Many children with fragile X syndrome, an inherited form of intellectual disability linked to autism, are prescribed antidepressants and other drugs to soothe irritability and anxiety, two common and often debilitating symptoms of the disorder.

A new study, published in the annual issue of Autism Research and Treatment, hints that those drugs may improve other symptoms — notably language deficits — as well.

Randi Hagerman and her collaborators looked at the medical charts of 45 children, aged 12 to 50 months, with fragile X syndrome. The children had been seen at the Fragile X Research and Treatment Center at the University of California, Davis MIND Institute.

The researchers found 11 children whose language skills had been measured before and 9 to 12 months after taking the antidepressant sertraline, and compared them with 34 controls matched by age, autism diagnoses and language skills. The control group did not take sertraline (sometimes marketed as Zoloft) because the parents declined, the child had a negative reaction to the drug, or the child was treated before sertraline use was recommended for this disorder.

The researchers found that all children showed improvements in their language skills, as would be expected with age. But the 11 children who took sertraline improved significantly more than the controls did, both in their ability to understand language and in their ability to communicate verbally or through gestures.

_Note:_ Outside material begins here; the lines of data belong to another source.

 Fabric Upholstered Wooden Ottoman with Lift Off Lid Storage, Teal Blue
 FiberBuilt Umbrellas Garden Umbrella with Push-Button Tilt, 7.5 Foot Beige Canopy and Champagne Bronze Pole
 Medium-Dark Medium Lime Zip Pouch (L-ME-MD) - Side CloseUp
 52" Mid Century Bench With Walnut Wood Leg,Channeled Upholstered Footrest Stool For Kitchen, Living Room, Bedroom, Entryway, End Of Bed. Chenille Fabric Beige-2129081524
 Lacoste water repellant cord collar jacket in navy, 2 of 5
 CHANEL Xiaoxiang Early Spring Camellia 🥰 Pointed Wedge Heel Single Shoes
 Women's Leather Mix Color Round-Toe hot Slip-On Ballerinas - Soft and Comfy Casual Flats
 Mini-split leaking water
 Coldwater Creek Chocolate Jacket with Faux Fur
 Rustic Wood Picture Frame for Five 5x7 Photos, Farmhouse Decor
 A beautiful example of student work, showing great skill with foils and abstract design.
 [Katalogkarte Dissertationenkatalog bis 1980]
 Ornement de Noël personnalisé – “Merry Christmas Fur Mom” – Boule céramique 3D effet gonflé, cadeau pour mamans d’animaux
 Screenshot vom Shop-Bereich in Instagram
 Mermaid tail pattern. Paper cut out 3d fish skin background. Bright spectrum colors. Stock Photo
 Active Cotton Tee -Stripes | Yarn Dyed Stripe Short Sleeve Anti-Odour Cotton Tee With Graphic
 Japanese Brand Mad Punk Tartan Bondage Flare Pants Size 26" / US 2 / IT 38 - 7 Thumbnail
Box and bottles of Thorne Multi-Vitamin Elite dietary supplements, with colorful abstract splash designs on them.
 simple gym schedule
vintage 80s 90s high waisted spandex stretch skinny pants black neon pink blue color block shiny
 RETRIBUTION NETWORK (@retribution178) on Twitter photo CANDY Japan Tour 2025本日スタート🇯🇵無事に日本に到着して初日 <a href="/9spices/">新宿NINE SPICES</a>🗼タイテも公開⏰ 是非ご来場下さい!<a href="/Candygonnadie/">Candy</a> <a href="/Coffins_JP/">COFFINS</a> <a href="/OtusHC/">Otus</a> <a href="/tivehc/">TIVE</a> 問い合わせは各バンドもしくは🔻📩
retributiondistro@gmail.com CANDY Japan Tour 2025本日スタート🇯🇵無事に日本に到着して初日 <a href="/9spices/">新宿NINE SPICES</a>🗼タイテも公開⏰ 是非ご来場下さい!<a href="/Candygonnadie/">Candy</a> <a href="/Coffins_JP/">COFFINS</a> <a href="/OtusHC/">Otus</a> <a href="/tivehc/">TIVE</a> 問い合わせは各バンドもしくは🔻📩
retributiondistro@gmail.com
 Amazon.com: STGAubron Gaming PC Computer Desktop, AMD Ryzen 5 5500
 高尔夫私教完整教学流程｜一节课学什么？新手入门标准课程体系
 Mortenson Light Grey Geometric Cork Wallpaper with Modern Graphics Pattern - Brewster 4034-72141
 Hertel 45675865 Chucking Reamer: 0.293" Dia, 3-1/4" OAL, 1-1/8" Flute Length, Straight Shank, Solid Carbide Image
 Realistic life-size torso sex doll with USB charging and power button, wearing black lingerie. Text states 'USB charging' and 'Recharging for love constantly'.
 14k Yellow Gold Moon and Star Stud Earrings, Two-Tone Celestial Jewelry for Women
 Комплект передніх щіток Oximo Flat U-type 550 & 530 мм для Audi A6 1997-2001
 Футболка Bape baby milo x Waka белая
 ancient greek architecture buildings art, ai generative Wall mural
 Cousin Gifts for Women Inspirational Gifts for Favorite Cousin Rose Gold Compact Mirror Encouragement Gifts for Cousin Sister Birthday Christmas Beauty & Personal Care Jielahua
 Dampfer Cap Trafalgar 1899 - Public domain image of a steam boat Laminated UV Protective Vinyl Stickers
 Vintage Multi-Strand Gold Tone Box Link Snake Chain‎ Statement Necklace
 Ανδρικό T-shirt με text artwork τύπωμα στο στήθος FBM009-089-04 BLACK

The researchers say the findings point to the need for large, rigorous clinical trials of sertraline for children with fragile X syndrome.

The study has obvious limitations. It was retrospective, meaning that the researchers looked at existing data rather than generating their own, and included only a few children. Most importantly, it was not placebo-controlled, meaning that the parents knew whether their children were taking the drug. Parents’ strong desire for a treatment to work can influence how they view their child’s anxiety and behavior.

If the sertraline findings are confirmed, it’s unclear whether the drug acts indirectly, improving language skills by alleviating the child’s anxiety, or more directly, perhaps by enhancing neuronal connectivity or the birth of new brain cells. Other drugs in the same class as sertraline have been shown to boost the number of new neurons.